Analysts are split as to the timing of the rate increase, with some saying it could come as early as the next decision on April 11. Others believe it could be May 23 or July 4, with the Bank of Israel waiting for the US Federal Reserve to lift rates first.

"It's not clear yet how aggressive the cycle will be, but we don't expect rates to rise particularly far in the coming years," said Liam Peach, economist at Capital Economics, who expects rates to start to rise in April and reach 1% by 2023.

Central banks in Britain, Poland, the Czech Republic and others have already raised short-term rates to rein in spiking inflation.

Israel's annual inflation rate rose to 3.1% in January from 2.8% in December, moving above the government's 1%-3% annual target range for the first time since 2011. The Bank of Israel said it foresaw the rate staying in the target range in the coming year.

At the same time, a rapid COVID-19 vaccination roll-out in which 46% of Israelis have received a third shot has led to an economic rebound, with growth of 8.1% in 2021 that topped the central bank's 6.5% estimate.

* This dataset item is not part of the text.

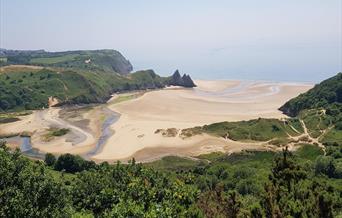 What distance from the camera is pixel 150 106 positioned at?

It projects 5.5% growth in 2022.

The bank noted that while economic growth was strong and unemployment near pre-crisis levels, "the risk of further morbidity cycles remains, and is leading to continued uncertainty regarding the expected intensity of economic activity."

The shekel was 0.4% lower versus the dollar at a 3.215 rate.

All 17 economists polled by Reuters had said they expected the monetary policy committee to keep rates steady, as it has since cutting them from 0.25% at the outset of the COVID-19 pandemic.